:: Task details ::
Could you print exactly the lines of the listing below, starting at the line that has "Photo water filter" and ending at the line that has "Patas antiguas mueble", and only those lines?

:: Input records ::
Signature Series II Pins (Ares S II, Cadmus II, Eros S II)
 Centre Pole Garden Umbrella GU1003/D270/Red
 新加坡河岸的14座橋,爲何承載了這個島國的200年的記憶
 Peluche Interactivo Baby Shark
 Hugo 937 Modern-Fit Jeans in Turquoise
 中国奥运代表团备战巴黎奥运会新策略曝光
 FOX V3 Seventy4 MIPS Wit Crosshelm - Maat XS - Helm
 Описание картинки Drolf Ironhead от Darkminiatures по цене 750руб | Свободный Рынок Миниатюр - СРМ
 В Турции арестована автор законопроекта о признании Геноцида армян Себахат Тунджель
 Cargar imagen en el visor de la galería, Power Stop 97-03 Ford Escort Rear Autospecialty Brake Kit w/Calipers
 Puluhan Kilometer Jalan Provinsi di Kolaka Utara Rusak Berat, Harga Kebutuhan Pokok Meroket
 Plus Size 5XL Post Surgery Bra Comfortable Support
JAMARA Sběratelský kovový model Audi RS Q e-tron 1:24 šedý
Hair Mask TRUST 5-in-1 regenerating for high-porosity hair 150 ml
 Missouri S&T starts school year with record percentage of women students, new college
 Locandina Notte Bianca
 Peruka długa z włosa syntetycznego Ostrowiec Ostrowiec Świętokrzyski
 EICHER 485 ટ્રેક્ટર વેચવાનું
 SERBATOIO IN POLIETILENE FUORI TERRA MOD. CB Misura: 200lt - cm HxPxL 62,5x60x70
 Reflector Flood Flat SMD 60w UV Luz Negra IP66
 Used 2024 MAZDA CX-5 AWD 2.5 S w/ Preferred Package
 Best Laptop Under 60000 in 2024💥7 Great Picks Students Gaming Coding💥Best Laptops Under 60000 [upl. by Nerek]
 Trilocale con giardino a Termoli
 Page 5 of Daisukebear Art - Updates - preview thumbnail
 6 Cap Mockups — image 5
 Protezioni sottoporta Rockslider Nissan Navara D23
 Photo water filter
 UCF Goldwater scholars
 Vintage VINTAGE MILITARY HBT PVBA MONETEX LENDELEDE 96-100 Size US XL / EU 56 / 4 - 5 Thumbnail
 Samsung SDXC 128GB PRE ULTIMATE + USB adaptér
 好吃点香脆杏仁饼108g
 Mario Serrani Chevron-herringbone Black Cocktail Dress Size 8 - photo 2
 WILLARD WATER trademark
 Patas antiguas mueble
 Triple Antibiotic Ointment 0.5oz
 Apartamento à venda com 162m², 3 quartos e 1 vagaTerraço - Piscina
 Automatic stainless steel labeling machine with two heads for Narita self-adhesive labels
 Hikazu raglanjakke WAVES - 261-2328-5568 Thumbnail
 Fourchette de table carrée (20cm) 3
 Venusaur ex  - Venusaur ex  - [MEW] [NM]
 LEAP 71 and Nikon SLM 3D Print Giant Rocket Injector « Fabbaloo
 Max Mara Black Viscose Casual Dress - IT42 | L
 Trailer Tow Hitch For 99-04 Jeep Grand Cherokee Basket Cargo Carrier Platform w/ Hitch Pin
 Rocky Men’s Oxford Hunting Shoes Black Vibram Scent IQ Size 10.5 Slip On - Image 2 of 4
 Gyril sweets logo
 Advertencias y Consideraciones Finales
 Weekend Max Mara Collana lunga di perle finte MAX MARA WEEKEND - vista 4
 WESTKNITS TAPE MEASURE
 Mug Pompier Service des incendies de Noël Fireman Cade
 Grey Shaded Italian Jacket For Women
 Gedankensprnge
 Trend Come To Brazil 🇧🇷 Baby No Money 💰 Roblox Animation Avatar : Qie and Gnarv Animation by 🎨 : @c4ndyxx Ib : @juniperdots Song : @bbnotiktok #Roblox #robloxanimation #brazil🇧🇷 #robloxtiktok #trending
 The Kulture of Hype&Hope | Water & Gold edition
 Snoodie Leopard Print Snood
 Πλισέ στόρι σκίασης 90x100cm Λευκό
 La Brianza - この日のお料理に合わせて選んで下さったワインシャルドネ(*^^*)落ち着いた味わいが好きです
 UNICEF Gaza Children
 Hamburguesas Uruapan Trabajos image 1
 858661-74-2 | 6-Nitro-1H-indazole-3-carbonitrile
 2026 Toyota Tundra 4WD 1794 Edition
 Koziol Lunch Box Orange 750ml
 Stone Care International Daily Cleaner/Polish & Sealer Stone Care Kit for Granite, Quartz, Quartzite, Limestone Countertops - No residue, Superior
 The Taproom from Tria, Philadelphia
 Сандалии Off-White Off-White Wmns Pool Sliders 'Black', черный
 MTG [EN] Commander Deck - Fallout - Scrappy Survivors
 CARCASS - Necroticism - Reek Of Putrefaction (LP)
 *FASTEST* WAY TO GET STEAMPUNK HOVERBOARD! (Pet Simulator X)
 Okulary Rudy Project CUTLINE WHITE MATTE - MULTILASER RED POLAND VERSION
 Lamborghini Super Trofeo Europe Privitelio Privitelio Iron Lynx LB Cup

:: Task solution ::
 Photo water filter
 UCF Goldwater scholars
 Vintage VINTAGE MILITARY HBT PVBA MONETEX LENDELEDE 96-100 Size US XL / EU 56 / 4 - 5 Thumbnail
 Samsung SDXC 128GB PRE ULTIMATE + USB adaptér
 好吃点香脆杏仁饼108g
 Mario Serrani Chevron-herringbone Black Cocktail Dress Size 8 - photo 2
 WILLARD WATER trademark
 Patas antiguas mueble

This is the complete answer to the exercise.